---------- INFORMATION PROVIDED ----------

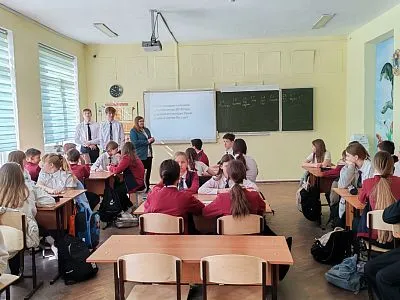 Праздничные мероприятия ко Дню воссоединения Крыма с Россией в школе №34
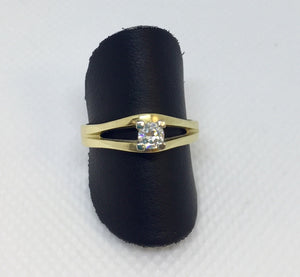 18ky Diamond Ring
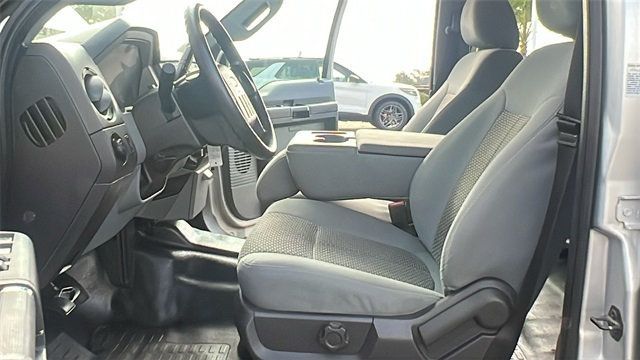 2015 Ford Super Duty F-450 DRW 4WD Crew Cab 172" XL - 22906146 - 19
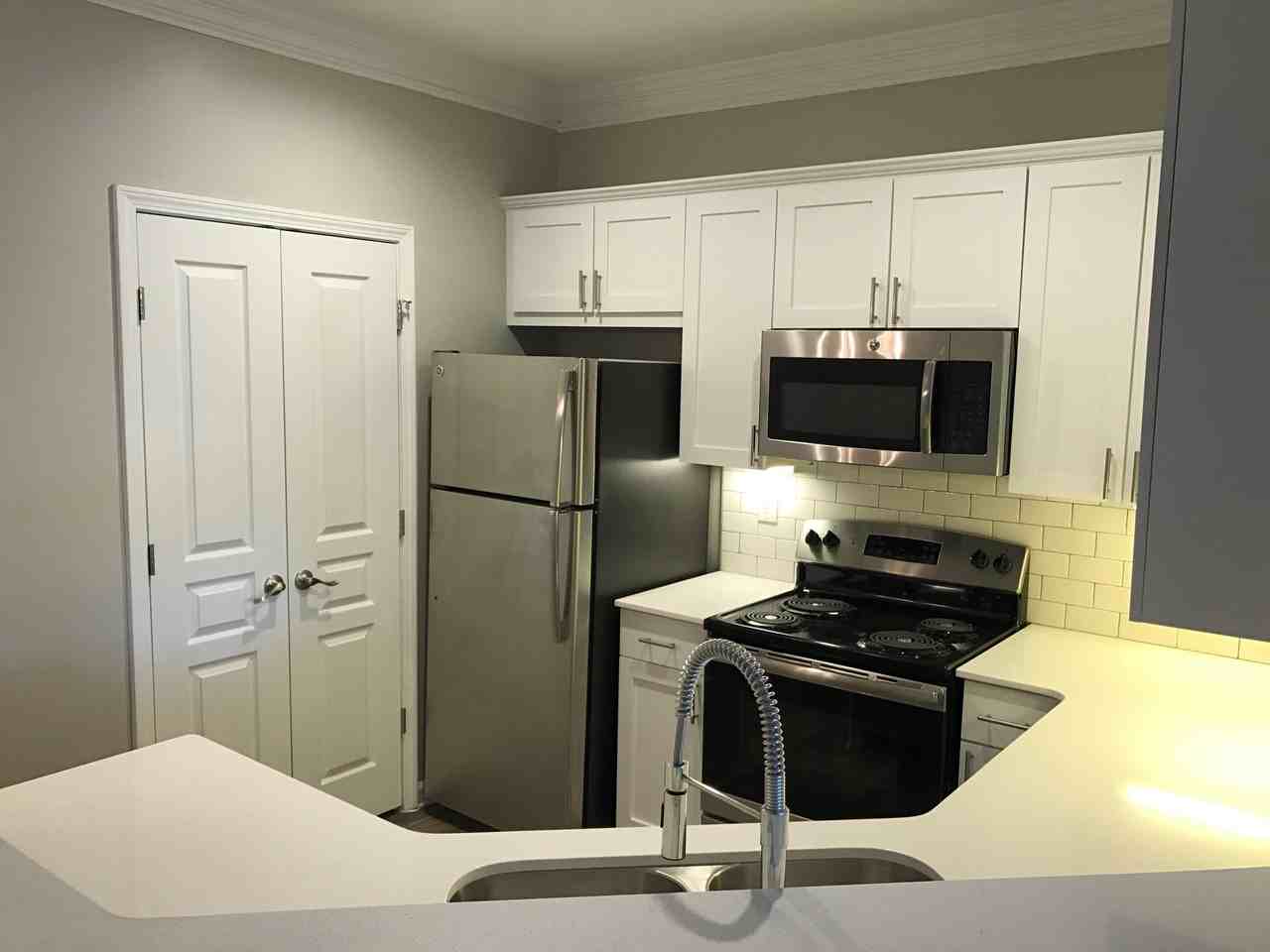 Radius Cheshire Bridge Apartments 2124 Cheshire Bridge Road Northeast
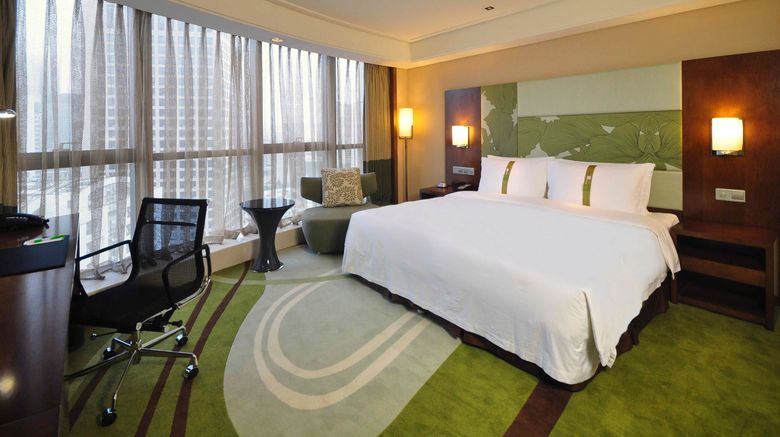 <b>Holiday Inn Qingdao City Center Room</b>. Images powered by <a href="https://www.leonardoworldwide.com/" title="Leonardo Worldwide" target="_blank">Leonardo</a>.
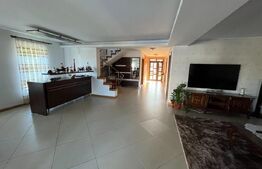 Casa la cheie, 280 mp utili, teren 1400 mp, Apahida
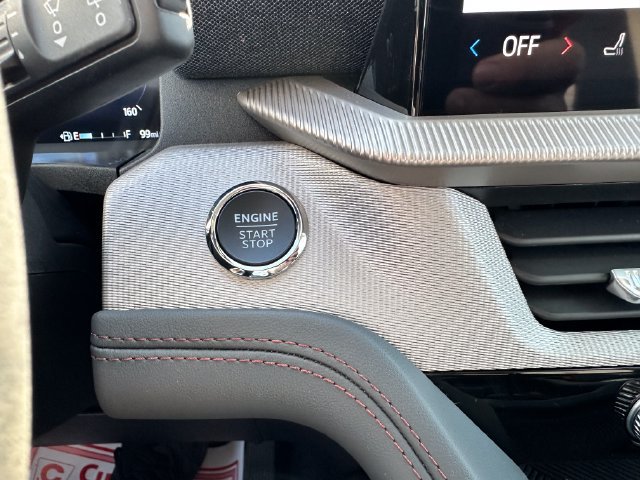 Certified 2026 Ford Explorer Active AWD/4WD image 19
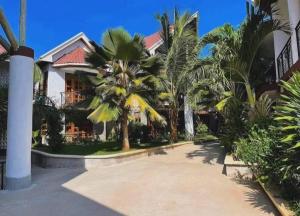 ディアニ・ビーチにあるCoastal 1BR Retreat in Dianiの前にヤシの木がある家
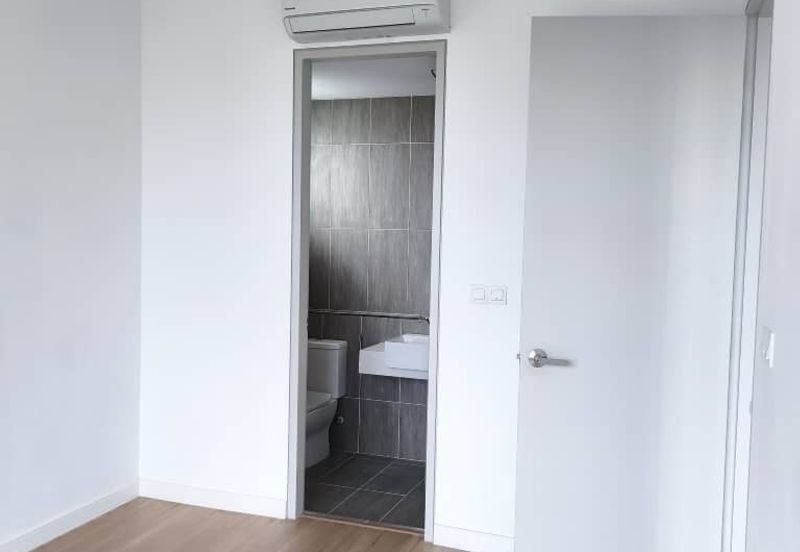 THE PULSE RESIDENCE & THE PULSE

----------

**EXERCISE:**
Print the data exactly as written, dropping any images it holds.

**THE COMPLETED TASK:**
 Праздничные мероприятия ко Дню воссоединения Крыма с Россией в школе №34
 18ky Diamond Ring
 2015 Ford Super Duty F-450 DRW 4WD Crew Cab 172" XL - 22906146 - 19
 Radius Cheshire Bridge Apartments 2124 Cheshire Bridge Road Northeast
 <b>Holiday Inn Qingdao City Center Room</b>. Images powered by <a href="https://www.leonardoworldwide.com/" title="Leonardo Worldwide" target="_blank">Leonardo</a>.
 Casa la cheie, 280 mp utili, teren 1400 mp, Apahida
 Certified 2026 Ford Explorer Active AWD/4WD image 19
 ディアニ・ビーチにあるCoastal 1BR Retreat in Dianiの前にヤシの木がある家
 THE PULSE RESIDENCE & THE PULSE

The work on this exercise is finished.